Hughes, J., Haran, M. and Caragea, P. C. (2011) Autologistic models for binary data on a lattice. Environmetrics, 22(7), 857–871.
Moller, J., Pettitt, A., Berthelsen, K., and Reeves, R. (2006) An efficient Markov chain Monte Carlo method for distributions with intractable normalising constants. Biometrika, 93(2), 451–458.
## Not run:
# Use the 20 x 20 square lattice as the underlying graph.
n = 20
A = adjacency.matrix(n)
# Assign coordinates to each vertex such that the coordinates are restricted to the unit square
# centered at the origin.
x = rep(0:(n - 1) / (n - 1), times = n) - 0.5
y = rep(0:(n - 1) / (n - 1), each = n) - 0.5
X = cbind(x, y) # Use the vertex locations as spatial covariates.

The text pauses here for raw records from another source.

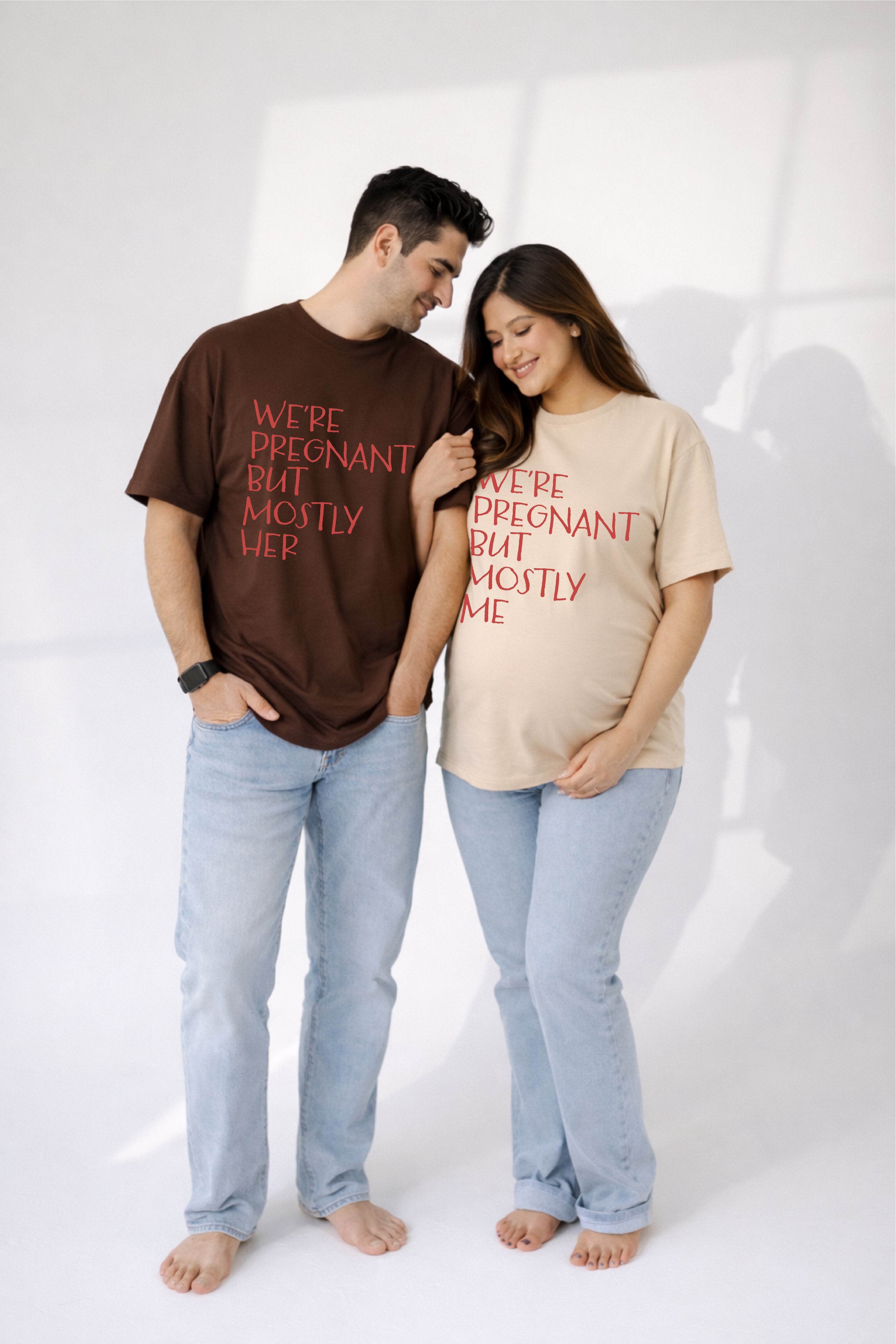 Man and woman wearing matching t-shirts with humorous pregnancy text on a white background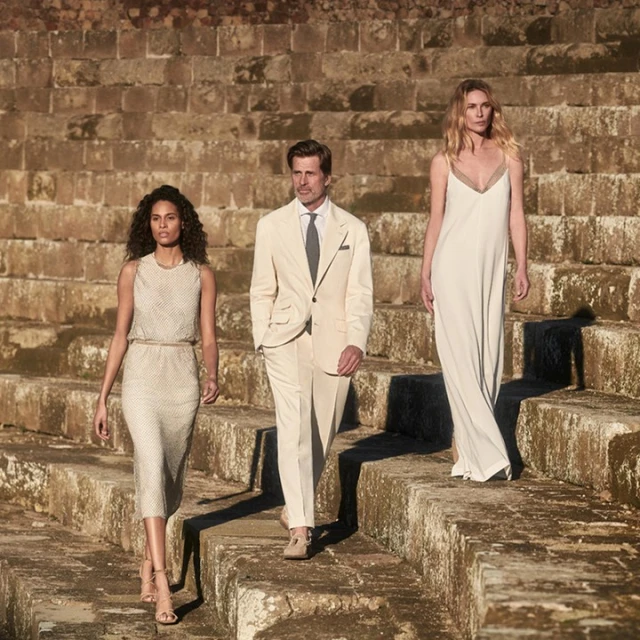 Two women and a man wearing formal attire walk down stone steps in an outdoor setting, bathed in natural light.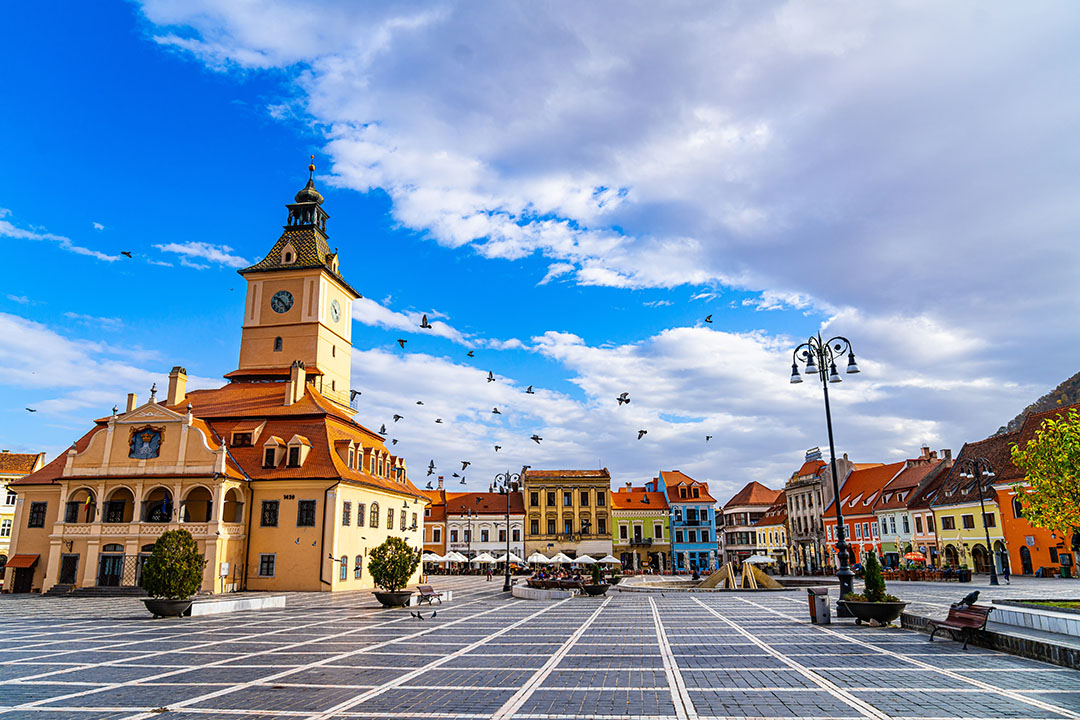 Colorful buildings in Brașov square. A vibrant square in Brasov, Romania features diverse architecture, a clock tower, and birds in flight against a clear blue sky.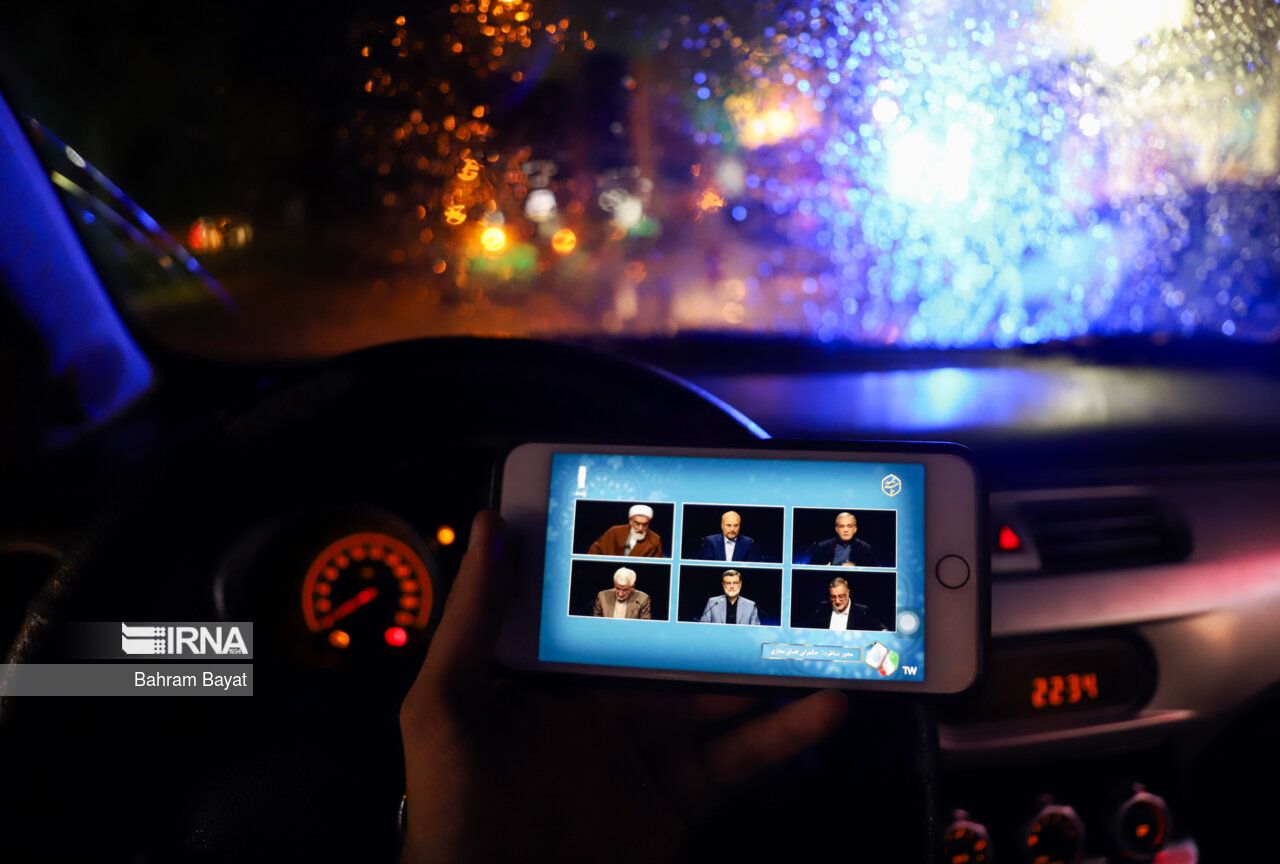 An Iranian watching a televised debate for Iran's snap elections (June 2024)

beta = c(2, 2) # These are the regression coefficients.
col1 = "white"
col2 = "black"
colfunc = colorRampPalette(c(col1, col2))
# Simulate a dataset with the above mentioned regression component and eta equal to 0.6. This
# value of eta corresponds to dependence that is moderate in strength.
theta = c(beta, eta = 0.6)
set.seed(123456)
Z = rautologistic(X, A, theta)
# Find the MPLE, and do not compute confidence intervals.
fit = autologistic(Z ~ X - 1, A = A, control = list(confint = "none"))
summary(fit)
# Compute confidence intervals based on the normal approximation. Estimate the "filling" in the
# sandwich matrix using a parallel parametric bootstrap, where the computation is distributed
# across six cores on the host workstation.
set.seed(123456)
fit = autologistic(Z ~ X - 1, A = A, verbose = TRUE,
control = list(confint = "sandwich", nodes = 6))
summary(fit)
# Compute confidence intervals based on a parallel parametric bootstrap. Use a bootstrap sample
# of size 500, and distribute the computation across six cores on the host workstation.
set.seed(123456)
fit = autologistic(Z ~ X - 1, A = A, verbose = TRUE,
control = list(confint = "bootstrap", bootit = 500, nodes = 6))
summary(fit)
# Make some level plots of the residuals.
dev.new()
lattice::levelplot(residuals(fit) ~ x * y, aspect = "iso", col.regions = colfunc(n^2))
dev.new()
lattice::levelplot(residuals(fit, type = "pearson") ~ x * y, aspect = "iso",
col.regions = colfunc(n^2))
dev.new()
lattice::levelplot(residuals(fit, type = "response") ~ x * y, aspect = "iso",
col.regions = colfunc(n^2))
# Do MCMC for Bayesian inference. The length of the training run will be 10,000, and
# the length of the subsequent inferential run will be at least 10,000.
set.seed(123456)
fit = autologistic(Z ~ X - 1, A = A, verbose = TRUE, method = "Bayes",
control = list(trainit = 10000, minit = 10000, sigma = 1000))
summary(fit)
## End(Not run)